Já esteve dividida entre dois pretendentes, Brunão e Felipão, mas agora está solteira. Só quer saber de “pegar”, como ela gosta de dizer. Na escola nova, que cursará com a bolsa máxima, privilégio de quem gabaritou no teste de admissão, planeja conhecer muitos gatinhos e fazer novos amigos. E também aprender a ler e escrever. Pra tirar carta e passar na faculdade. Adora uma novela, não dispensa um bom prato e requebra cheia de graça e molejo ao som de uma trilha sonora animada.

Como toda menina da idade, adolescente rebelde, adora implicar com o pai. Discute, desafia, teima. Mas é doce, e dali a pouco esquece e tasca um abraço daqueles fortes, que fazem a gente desequilibrar. Da mãe, diz ser a melhor cozinheira do pedaço. E também é cantora, ela diz, “que orgulho da minha mãe”! Dos irmãos, é o xodó absoluto. E dos amigos dos irmãos, e dos amigos dos amigos dos irmãos também. Conhece todas as turmas e participa de todas as festas, não perde uma.

Mas diferente da maioria das meninas da idade, Jéssica tem um talento especial pra ouvir histórias e prestar atenção nas coisas que a gente conta. Outro dia me perguntou quando eu me mudava. Eu, que já tinha engavetado os planos de comprar um apartamento há uns meses, titubeei e disse que ainda não sabia. E ela se apressou em concordar, afinal, eu ainda tinha que terminar de pagar o carro novo. Sabe mais, essa neguinha, da minha vida que muito amigo de anos. Talvez porque ouça mais, talvez porque se importe mais. E também, não dá pra negar, porque adora uma boa fofoca.

Nunca se esquece de perguntar do meu namorado “Fenicius”, que já adotou como se fosse da família, e do seu irmãozinho caçula, o loirinho de olhos azuis que só conheceu de passagem e de fotos. Mas não importa, ela sempre manda um beijo pra ele mesmo assim. E de vez em quando, sem qualquer motivo, me dá um abraço apertado e me chama de prima especial. Aí eu desmonto – quem resiste? Sim, ela sabe agradar quando quer, a neguinha. Até hoje não conheci ninguém que não tenha se rendido ao seu charme.

Mesmo quem acaba de conhecê-la e compreende com dificuldade as primeiras palavras, às vezes enroladas, não resiste ao papo esperto e logo se encanta com os olhinhos de polinésia e o queixinho de morango silvestre.
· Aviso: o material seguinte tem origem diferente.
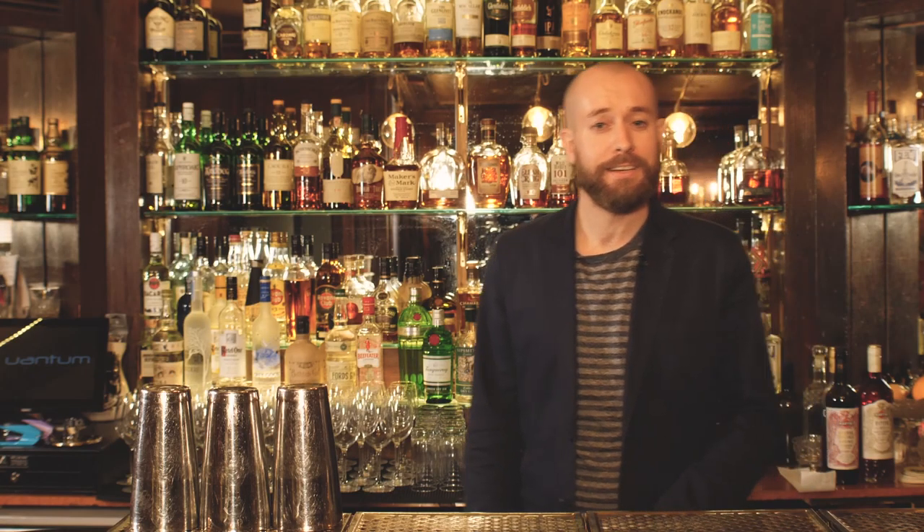Hi guys and welcome to London Mixologist. My name is Alex Bond and we're here to bring you the best in cocktail culture and recipes with an awesome team at 68 in Boston. We decided to create our ultimate advent calendar substitute — this is the Christmas Cocktail Countdown.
Não há preconceito que resista. E por isso a Jéssica tem tantos amigos e até tios e primos, que, como eu, não são de “sangue”, mas do coração.

Lembro perfeitamente do dia em que fui visitá-la pela primeira vez, recém-nascida, a filha caçula da melhor amiga da minha mãe. Com medo da sinceridade incoveniente das crianças, minha mãe alertou: “Ela é diferente”. Ela tinha razão. Nunca conheci uma alma tão delicada, tão generosa e sensível como a da nossa Jéssica, Jéssica Pereira da Silva – como ela gosta de dizer.

Poderia ter dito tudo isso e muito mais da minha prima especial sem qualquer motivo, a qualquer hora. É um prazer falar dessa menina linda que eu vi crescer e virar mocinha. Mocinha não, adolescente.

Mas este texto tem sim uma razão de ser. Esta semana ouvi um daqueles comentários cretinos, que andam na moda nos últimos tempos por causa da “Clarinha da novela”. Pensei em escrever sobre preconceito, ignorância, intolerância, pobreza de espírito e falta de respeito com o outro.

Mas quer saber? Mudei de idéia. Falar da Jéssica vale muito mais a pena.